Finding the next leap year: Python

Question

I was attempting a course about Python and I encountered a question in which as the name suggests I have to find the next leap year. But the code is not working properly with a few years and returns unwanted results.

Although this code works with some of the years such as 2020 or 2023 it doesn't quite work with the others such as 1896 or 498. Any type of help would be appreciated.

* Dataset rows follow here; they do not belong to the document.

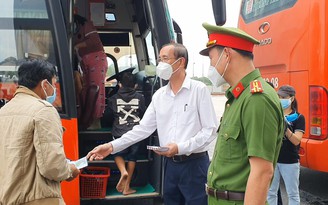 CSGT Bà Rịa – Vũng Tàu dẫn đoàn xe đưa người dân về miền Tây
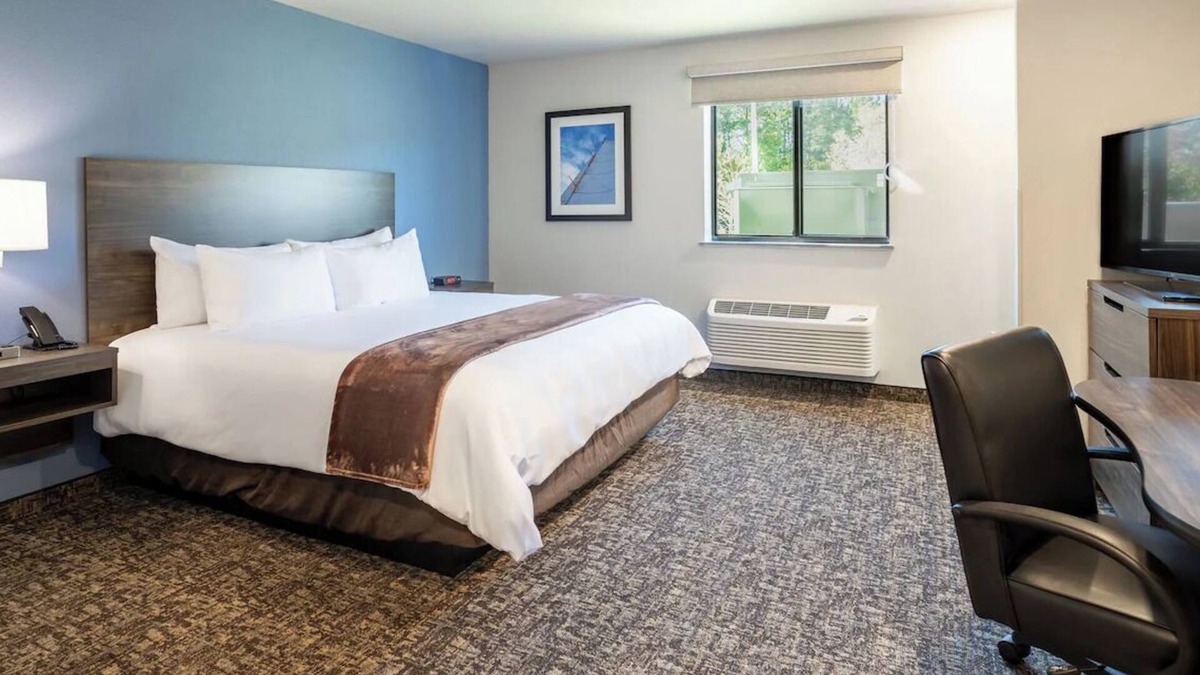 Sundance House | Explore Buckeye with Ease—Pet-Friendly Accommodation and Free Parking Await
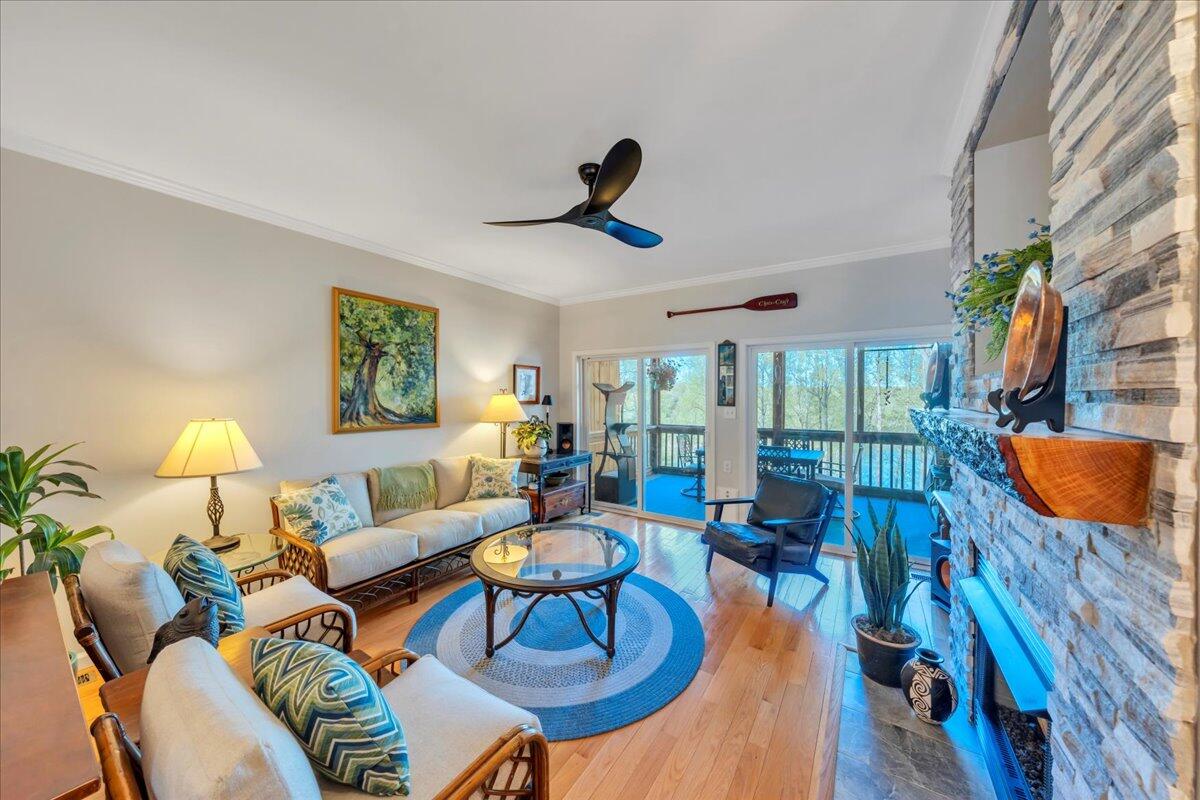 231 Mountain Cove DR Unit: 5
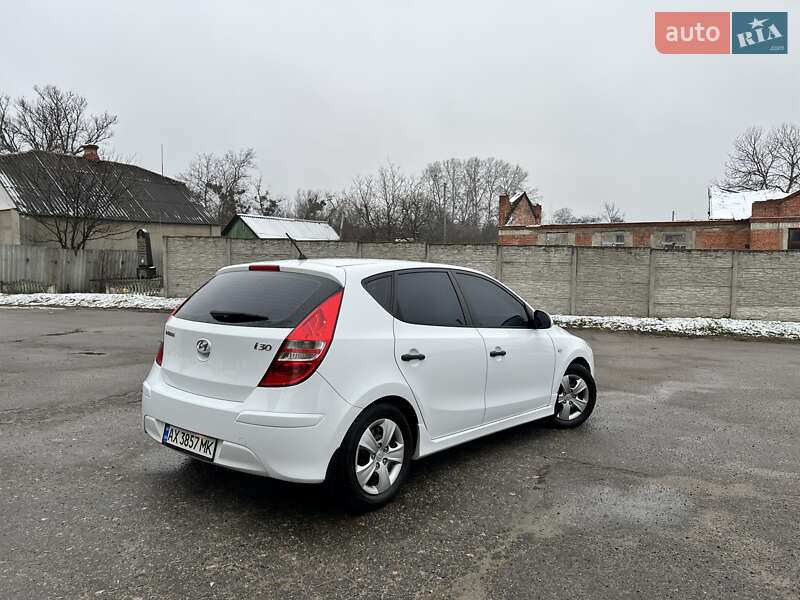 Хэтчбек Hyundai i30 2010 в Харькове фото 18 Хэтчбек Hyundai i30 2010 в Харькове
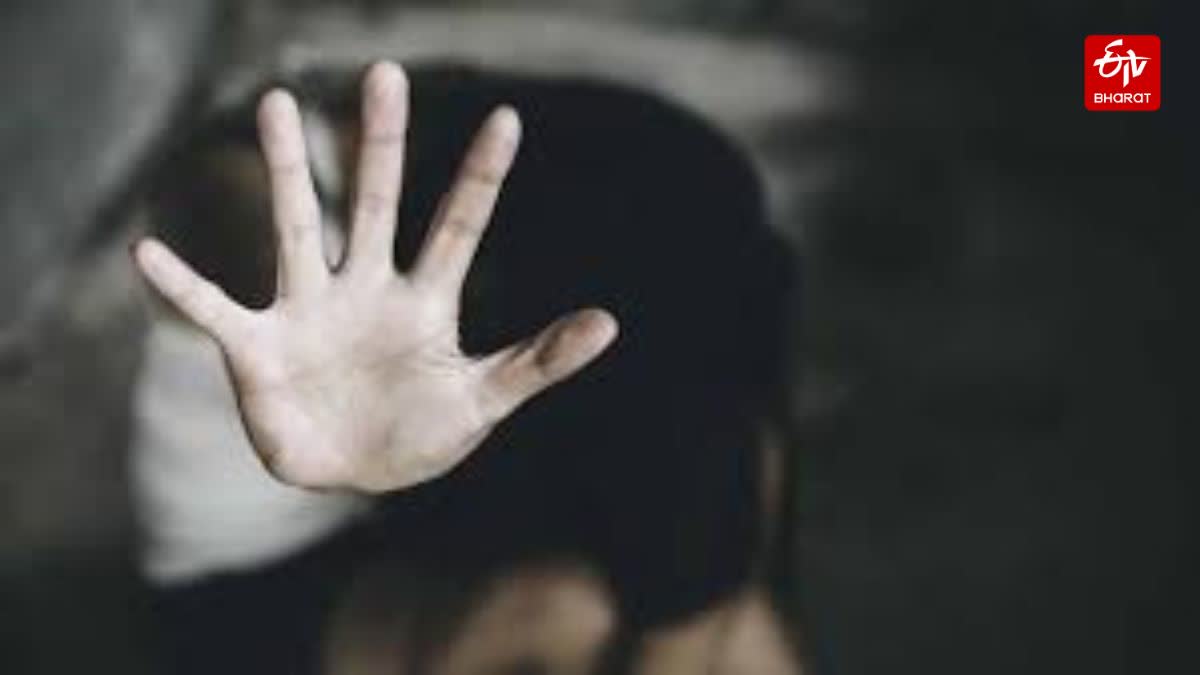 नाबालिग छात्राओं से रेप की कोशिश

year = int(input("Year: "))
Count = year + 1

while True:
    if Count % 4 == 0:
        if Count % 100 == 0 and year % 400 == 0:
            print(f"The next leap year after {year} is {Count}")
            break
        elif year % 100 == 0:
            Count += 1
        else:
            print(f"The next leap year after {year} is {Count}")
            break
    else:
        Count += 1

Answer 1

Solution is here

year = int(input("Year:"))
next_leap_year = year + 1
while True:
    if next_leap_year % 4 == 0 and next_leap_year % 100 == 0:
        if next_leap_year % 400 == 0:
            print(f"The next leap year after {year} is {next_leap_year}") 
            break
        else:
            next_leap_year = next_leap_year + 4
            print(f"The next leap year after {year} is {next_leap_year}")
            break
    elif next_leap_year % 4 == 0:
        print(f"The next leap year after {year} is {next_leap_year}")
        break
    else:
        next_leap_year += 1

Answer 2

You can simplify the code with a single expression that determines if any given year is leap as follows:

yy = int(input('Enter start year: '))

while True:
    yy += 1
    if yy % 400 == 0 or (yy % 100 != 0 and yy % 4 == 0):
        print(f'The next leap year is {yy}')
        break